Automating Incident Response for Exposed AWS Credentials with AWS Health
Introduction
When organizations first begin their cloud journey, particularly small or lean teams, simplicity often takes priority over security best practices. Instead of adopting AWS IAM roles with temporary, automatically rotated credentials, these teams may create shared IAM users with long-lived access keys. This pattern is especially common in environments where data scientists or researchers need quick access for experiments, Jupyter notebooks or batch pipelines. Sharing permanent credentials among several individuals or embedding them in scripts and APIs can feel like the fastest way to get work done without having to manage role assumptions or federated identities.
However, while this approach may reduce initial complexity, it introduces significant risks. Long-term credentials lack the built-in protections of short-lived session tokens, are more likely to be hard-coded into source code or configuration files and add the overhead of having to rotate them periodically. In collaborative teams, the risk is amplified because the same set of keys for a shared user may be passed around informally, leaving little accountability for individual actions. This shortcut for agility can quickly become a major vulnerability if those credentials are accidentally committed to a public repository or shared outside the team. That practice introduces significant risk - once a key is leaked, an attacker could potentially access sensitive data or perform destructive actions across your environment.

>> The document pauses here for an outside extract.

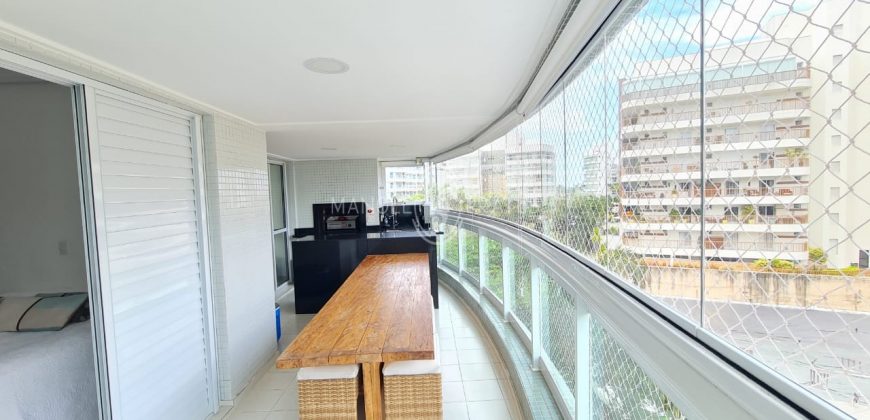 APARTAMENTO À VENDA NA RIVIERA DE SÃO LOURENÇO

In such cases, the speed and reliability of your incident response matters. Detecting an exposed key quickly and collecting forensic evidence can prevent a major security incident. That’s where AWS Health comes in. AWS Health provides proactive notifications about events that could impact your environment, including the AWS_RISK_CREDENTIALS_EXPOSED event type, which is raised when AWS detects that one of your access keys has been publicly exposed.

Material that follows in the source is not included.